If the fourth assumption was not there then you get into incentives to avoid the tax. If you assume a prexisting non-redistributive system then it is likely that Gates has a huge pile of cash he can live off of. In which case if he really hated the fact that I was leeching off him he could stop working. If the system is in place from the start there really is no way for Gates to become rich in the first place. He'll never have more resources than even the lowlyest janitor who happens to work the same number of hours. Without the capital accumulation his income would not shoot up.
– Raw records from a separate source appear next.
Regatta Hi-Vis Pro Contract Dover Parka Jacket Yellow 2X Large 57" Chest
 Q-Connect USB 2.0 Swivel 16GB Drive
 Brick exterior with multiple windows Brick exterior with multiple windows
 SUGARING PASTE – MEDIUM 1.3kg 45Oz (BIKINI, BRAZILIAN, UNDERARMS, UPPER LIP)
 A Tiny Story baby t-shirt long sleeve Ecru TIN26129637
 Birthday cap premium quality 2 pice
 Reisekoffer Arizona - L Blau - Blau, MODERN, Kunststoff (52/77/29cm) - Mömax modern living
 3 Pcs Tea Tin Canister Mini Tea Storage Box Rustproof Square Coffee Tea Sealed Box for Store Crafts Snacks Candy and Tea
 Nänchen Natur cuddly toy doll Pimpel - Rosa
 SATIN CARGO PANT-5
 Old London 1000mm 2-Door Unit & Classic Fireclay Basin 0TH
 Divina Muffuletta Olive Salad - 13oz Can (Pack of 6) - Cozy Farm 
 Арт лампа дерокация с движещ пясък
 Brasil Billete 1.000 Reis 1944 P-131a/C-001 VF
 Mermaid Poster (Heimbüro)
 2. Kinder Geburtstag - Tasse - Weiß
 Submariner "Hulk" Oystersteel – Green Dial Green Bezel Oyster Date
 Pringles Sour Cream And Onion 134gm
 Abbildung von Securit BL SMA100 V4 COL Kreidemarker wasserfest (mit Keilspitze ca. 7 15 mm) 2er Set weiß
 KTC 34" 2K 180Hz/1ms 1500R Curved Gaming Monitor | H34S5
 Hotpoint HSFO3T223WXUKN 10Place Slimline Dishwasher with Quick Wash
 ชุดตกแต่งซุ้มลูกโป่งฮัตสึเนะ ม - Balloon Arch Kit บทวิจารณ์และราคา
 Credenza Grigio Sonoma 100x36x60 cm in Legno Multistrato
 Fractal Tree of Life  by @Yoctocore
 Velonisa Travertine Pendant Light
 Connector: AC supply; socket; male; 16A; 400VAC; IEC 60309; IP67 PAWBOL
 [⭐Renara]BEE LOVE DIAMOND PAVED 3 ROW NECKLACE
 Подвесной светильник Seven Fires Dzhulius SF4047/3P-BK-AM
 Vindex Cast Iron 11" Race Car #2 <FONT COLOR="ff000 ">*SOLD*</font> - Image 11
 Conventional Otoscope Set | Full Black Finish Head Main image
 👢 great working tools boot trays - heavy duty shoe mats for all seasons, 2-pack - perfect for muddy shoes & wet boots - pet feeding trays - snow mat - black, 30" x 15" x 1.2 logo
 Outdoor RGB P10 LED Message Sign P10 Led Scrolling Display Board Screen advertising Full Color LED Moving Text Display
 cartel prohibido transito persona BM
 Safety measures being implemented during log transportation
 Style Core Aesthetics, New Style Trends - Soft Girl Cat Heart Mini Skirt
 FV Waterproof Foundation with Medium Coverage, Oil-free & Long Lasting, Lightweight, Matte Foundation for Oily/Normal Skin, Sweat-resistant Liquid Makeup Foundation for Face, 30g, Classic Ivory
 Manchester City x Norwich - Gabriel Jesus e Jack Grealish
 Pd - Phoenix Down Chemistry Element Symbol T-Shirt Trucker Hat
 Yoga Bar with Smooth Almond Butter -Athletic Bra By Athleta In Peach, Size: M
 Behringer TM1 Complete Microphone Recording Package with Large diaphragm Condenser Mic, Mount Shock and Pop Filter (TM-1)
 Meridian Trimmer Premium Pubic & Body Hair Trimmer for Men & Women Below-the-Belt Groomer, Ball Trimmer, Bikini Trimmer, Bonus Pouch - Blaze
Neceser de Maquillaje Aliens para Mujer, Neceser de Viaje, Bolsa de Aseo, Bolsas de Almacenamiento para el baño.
Which leads me to bring up another thing. Bill Gates income is invested in capital goods to a much larger extent than mine and with better business acumen. He is getting utility out of making jobs for other people whereas I get more of my utility from consumer goods. I might spend the extra money on luxury consumer goods. That is, he may have a much higher savings rate than me. So his utility will result in an increased production of utility for other people. Give that $100,000 to me and I may squander it on drugs while he may generate two jobs.